I sure do love my Hubby!


  1. Kathy, We "met" previously when I discovered your posts a few months ago. Life has continued to "happen" and I've continued to cope on a daily basis often not accomplishing many things I've put on a "to do list" including connecting your blog to mine. I've also not read many of your more recent entries (will correct that asap) as I've continued to find ways to cope with my Mom's advancing or seeming to advance levels of physical and mental challenges. I need to post more often. I need to find forty eight hour days, too, but that doesn't seem to be possible. Really like to "talk" sometime; wish there were ways to gather together a small group of challenged caregivers providing home and facility caregiving across the country struggling to cope with LBD. Both scenerios are similar but each has great differences, too. My Mom is well into Aphasia (that's where she'll converse regularly but then substitute nonwords (combined sounds) believing she's talking using common, ordinary language. Know I should be grateful she can still converse even to some degree because the day will come when she's even more limited or loses that ability. I'm working on restructuring my blog; it helps to see there are times when you only publish once or twice in a month. Keep posting. So many more need the insight our experiences can provide.

    1. Hi Donna,

      In the beginning of my blogging, life has throwing us curves every time we turned around, something new was just around the corner and a new lesson had to be learned. I blogged more frequently about those days. Lately, even though we are still creeping and sometimes tumbling forward, there is less to write about anything new and admittedly, I get overwhelmed with the whole thing sometimes so I shut down and block out.

      If you are a FaceBook user, and I'm sorry if I don't remember this about you, there is a site for LBD caregivers. You might find some real time support there and lots of ideas and resources.

      Good luck finding that 48 hrs ;-) I gave up a long time ago and just started going with the flow LOL!

  2. You are a true angel Kathy :) <3 Crissy #teamkathy

  3. In my opinion you should use personal security alarms, they can help you in much better way, as there are varieties of them available in market, like alarm in key chain, pendant with speech etc.

    1. Hi Sam,

      Thank you for your suggestions.
      With Hubby a personal security alarm would no be feasible as he would not know he needed to use it or remember how should he have a problem.
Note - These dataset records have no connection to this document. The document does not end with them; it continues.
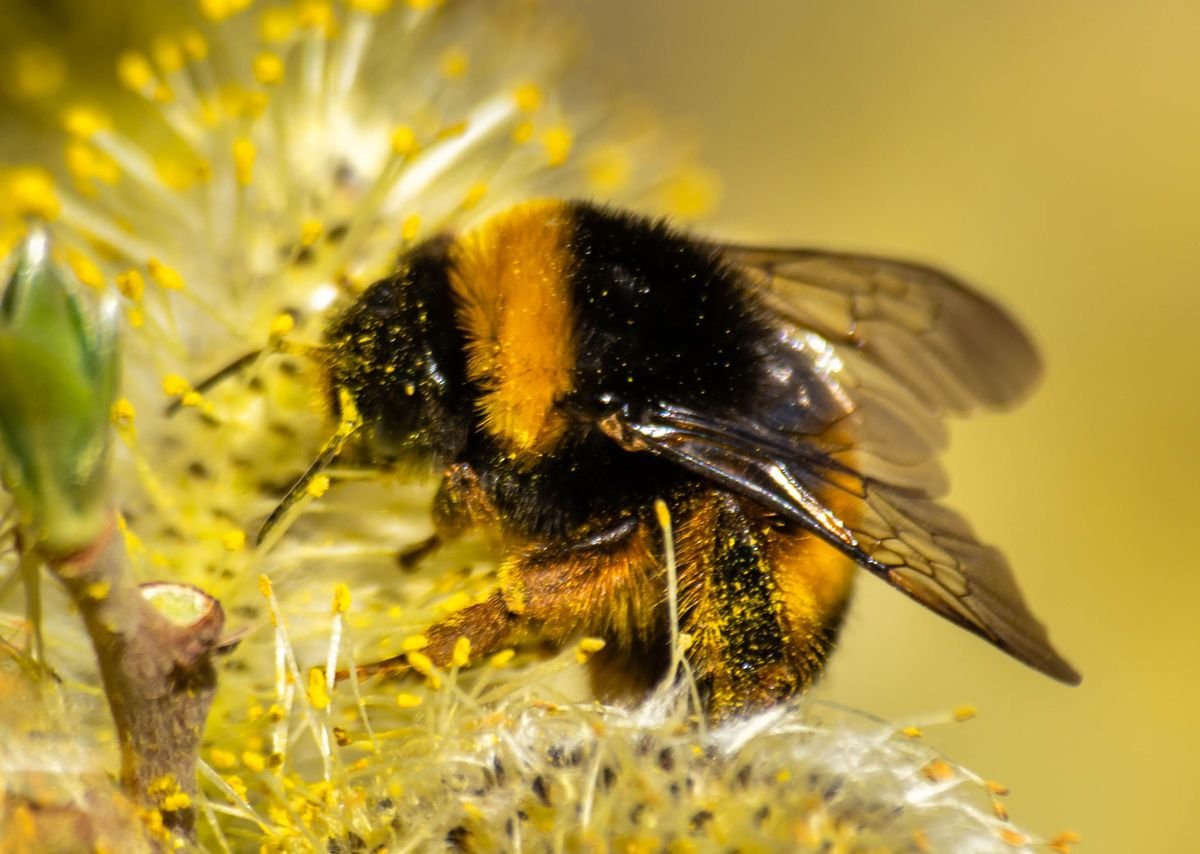 How to Attract and Protect Beneficial Insects in Your Garden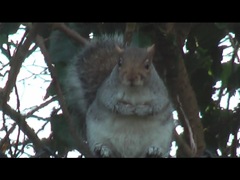 Squirrel1
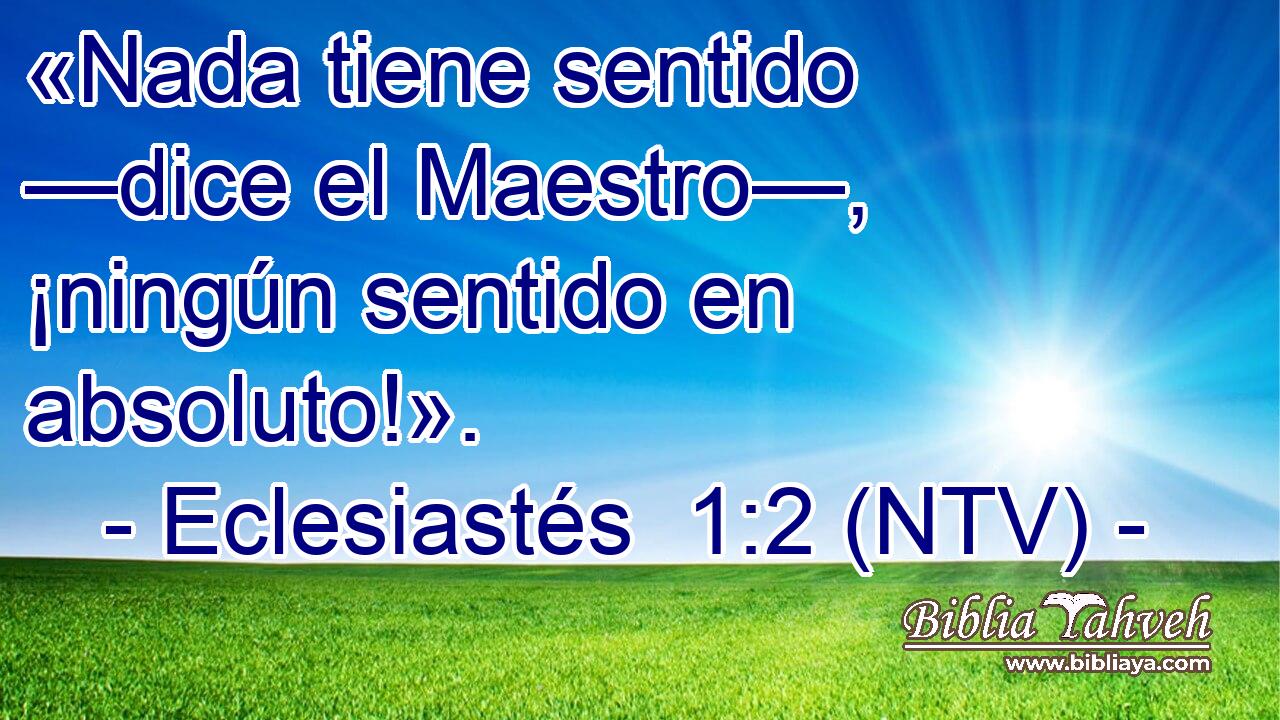 «Nada tiene sentido —dice el Maestro—, ¡ningún sentido en absoluto!».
Leaving the house was a choice he made and he did not realize he could have been in any trouble.
      He also does not like to be monitored, who does, right? so I decided to get outside door alarms. It will be easier for Hubby to accept that they are in place for home security instead of his own protection and my peace of mind.
      But again, thank you for the suggestion. I hope others read it and consider if it is a good idea for their loved one.

  4. Have you thought about placing black throw rugs in front of the doors? He may perceive them to be holes and be reluctant to cross them on his own.

    Good luck to you. You're doing a great job and the door alarms are a great option. I like that you can explain it as a home safety issue to him and not make it about him in his mind.

    1. Hi LynsSister,

      Your suggestion is actually one I have heard of before and I've read it can work quite well with Alzheimer patients. The thing with Hubby is that he is still very aware of things around him and is not easily fooled into believing something. Even with his hallucinations he is mostly aware that they can't be real so he would not perceive a black rug as a hole and if he did he would test it first. This is what makes Lewy so very hard to care for.
      Some times I wish he could just forget everything, for his own sake.

      Thank you for your support and encouragement :)

  5. You are the best wife ever. Such an inspiration to us all. I recently admitted my mother for dementia care in Eugene OR and it was one of the hardest things I've ever had to do.